### WORK ITEM
Could you repeat every record exactly as it appears?

[[ RECORDS TO USE, beginning ]]

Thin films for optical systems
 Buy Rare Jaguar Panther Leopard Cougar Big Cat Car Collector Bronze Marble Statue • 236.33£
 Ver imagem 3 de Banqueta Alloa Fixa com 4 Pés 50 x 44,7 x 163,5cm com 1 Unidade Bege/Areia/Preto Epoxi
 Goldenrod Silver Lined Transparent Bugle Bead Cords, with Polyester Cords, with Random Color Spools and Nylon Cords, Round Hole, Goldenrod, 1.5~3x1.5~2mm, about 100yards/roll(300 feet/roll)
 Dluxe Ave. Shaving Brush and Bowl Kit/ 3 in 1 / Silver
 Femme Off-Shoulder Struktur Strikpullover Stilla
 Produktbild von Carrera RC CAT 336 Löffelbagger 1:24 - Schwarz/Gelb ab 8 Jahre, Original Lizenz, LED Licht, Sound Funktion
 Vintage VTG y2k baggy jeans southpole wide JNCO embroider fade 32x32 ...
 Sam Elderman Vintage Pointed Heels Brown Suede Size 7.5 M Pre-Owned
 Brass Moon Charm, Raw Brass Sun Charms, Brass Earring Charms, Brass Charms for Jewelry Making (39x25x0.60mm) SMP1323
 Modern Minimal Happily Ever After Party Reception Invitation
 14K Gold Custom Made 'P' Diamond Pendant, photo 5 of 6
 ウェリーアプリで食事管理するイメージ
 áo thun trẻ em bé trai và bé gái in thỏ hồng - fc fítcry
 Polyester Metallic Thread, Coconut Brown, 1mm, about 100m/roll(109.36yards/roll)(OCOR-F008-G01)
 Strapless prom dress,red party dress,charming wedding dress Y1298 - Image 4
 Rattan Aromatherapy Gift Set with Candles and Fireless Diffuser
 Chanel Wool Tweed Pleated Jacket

[[ RECORDS TO USE, end ]]

### REPLY TO THE EXERCISE
Thin films for optical systems
 Buy Rare Jaguar Panther Leopard Cougar Big Cat Car Collector Bronze Marble Statue • 236.33£
 Ver imagem 3 de Banqueta Alloa Fixa com 4 Pés 50 x 44,7 x 163,5cm com 1 Unidade Bege/Areia/Preto Epoxi
 Goldenrod Silver Lined Transparent Bugle Bead Cords, with Polyester Cords, with Random Color Spools and Nylon Cords, Round Hole, Goldenrod, 1.5~3x1.5~2mm, about 100yards/roll(300 feet/roll)
 Dluxe Ave. Shaving Brush and Bowl Kit/ 3 in 1 / Silver
 Femme Off-Shoulder Struktur Strikpullover Stilla
 Produktbild von Carrera RC CAT 336 Löffelbagger 1:24 - Schwarz/Gelb ab 8 Jahre, Original Lizenz, LED Licht, Sound Funktion
 Vintage VTG y2k baggy jeans southpole wide JNCO embroider fade 32x32 ...
 Sam Elderman Vintage Pointed Heels Brown Suede Size 7.5 M Pre-Owned
 Brass Moon Charm, Raw Brass Sun Charms, Brass Earring Charms, Brass Charms for Jewelry Making (39x25x0.60mm) SMP1323
 Modern Minimal Happily Ever After Party Reception Invitation
 14K Gold Custom Made 'P' Diamond Pendant, photo 5 of 6
 ウェリーアプリで食事管理するイメージ
 áo thun trẻ em bé trai và bé gái in thỏ hồng - fc fítcry
 Polyester Metallic Thread, Coconut Brown, 1mm, about 100m/roll(109.36yards/roll)(OCOR-F008-G01)
 Strapless prom dress,red party dress,charming wedding dress Y1298 - Image 4
 Rattan Aromatherapy Gift Set with Candles and Fireless Diffuser
 Chanel Wool Tweed Pleated Jacket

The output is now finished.